WORK ORDER: Below are records; report how many of their lines contain the word "Blue", giving only the number.

MATERIALS PROVIDED:
##############################

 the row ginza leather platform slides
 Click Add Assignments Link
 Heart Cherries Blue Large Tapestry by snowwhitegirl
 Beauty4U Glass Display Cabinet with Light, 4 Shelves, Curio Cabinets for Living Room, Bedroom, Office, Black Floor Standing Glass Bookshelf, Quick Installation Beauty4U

##############################

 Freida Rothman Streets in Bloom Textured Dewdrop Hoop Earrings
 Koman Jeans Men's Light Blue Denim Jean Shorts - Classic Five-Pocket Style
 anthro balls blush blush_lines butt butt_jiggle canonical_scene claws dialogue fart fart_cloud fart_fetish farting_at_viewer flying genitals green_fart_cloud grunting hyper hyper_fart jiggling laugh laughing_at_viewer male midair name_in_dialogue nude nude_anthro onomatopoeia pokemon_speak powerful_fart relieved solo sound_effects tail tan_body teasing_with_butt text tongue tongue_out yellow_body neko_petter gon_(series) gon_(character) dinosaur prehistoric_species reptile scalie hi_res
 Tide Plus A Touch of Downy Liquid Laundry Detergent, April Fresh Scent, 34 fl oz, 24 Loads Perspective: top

##############################

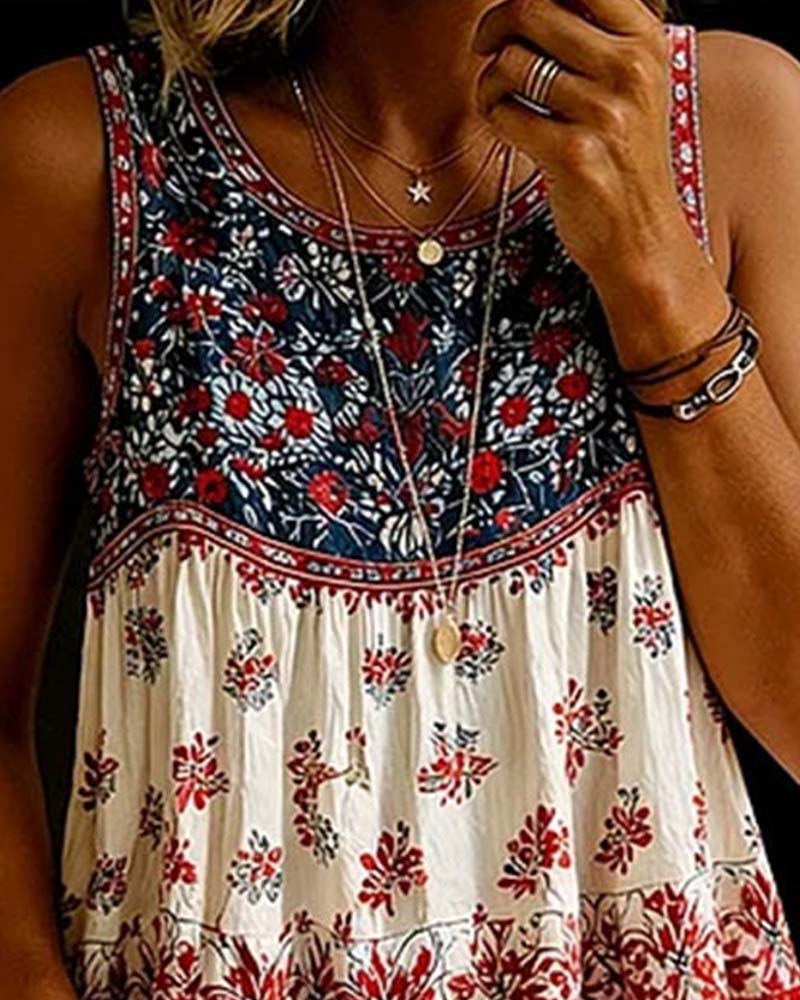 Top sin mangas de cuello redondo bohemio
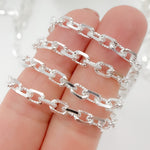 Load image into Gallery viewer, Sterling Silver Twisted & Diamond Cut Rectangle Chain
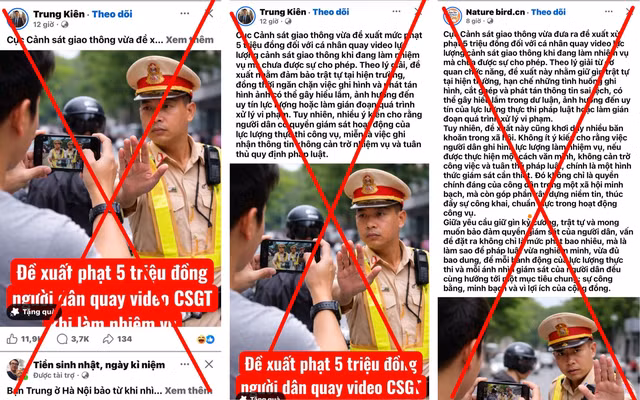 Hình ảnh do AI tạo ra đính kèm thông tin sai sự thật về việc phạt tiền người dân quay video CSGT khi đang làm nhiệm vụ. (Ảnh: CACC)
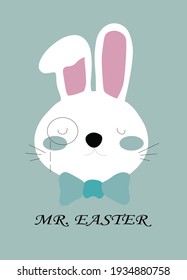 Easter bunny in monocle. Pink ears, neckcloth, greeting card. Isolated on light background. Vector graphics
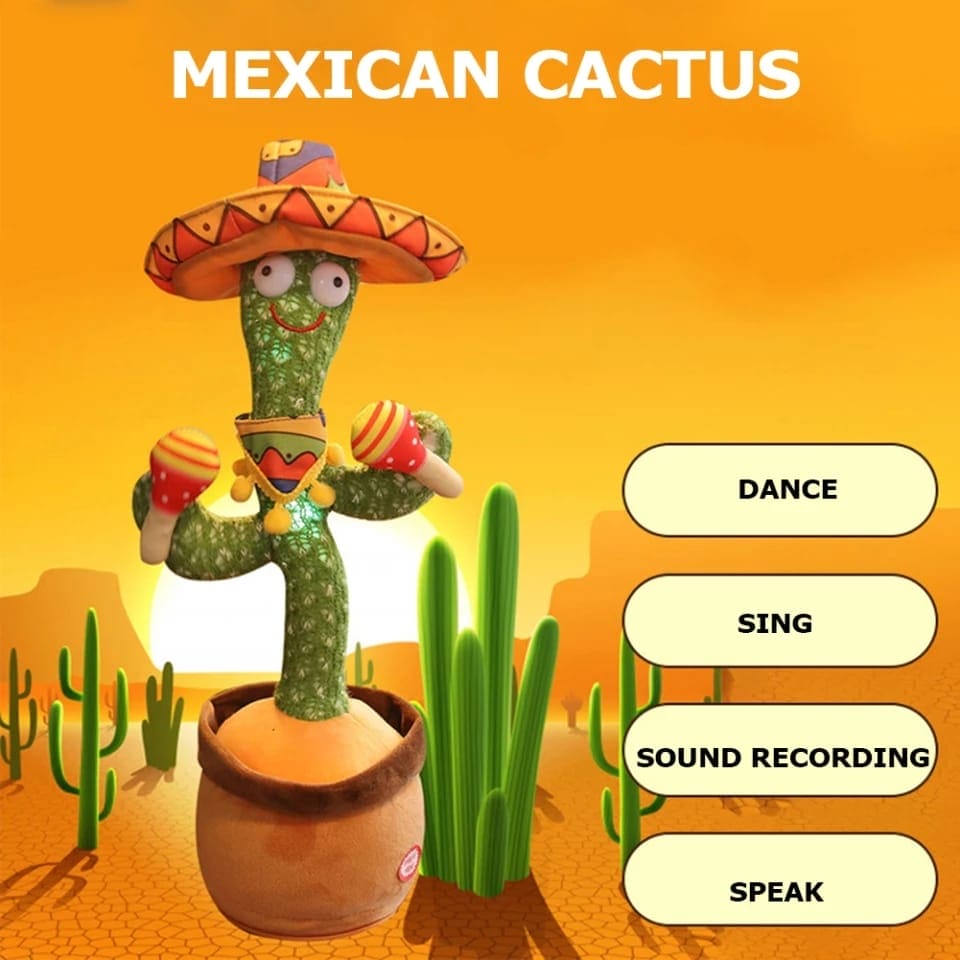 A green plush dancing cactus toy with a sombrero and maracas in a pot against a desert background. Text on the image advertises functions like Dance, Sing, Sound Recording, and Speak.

##############################

REPLY: 2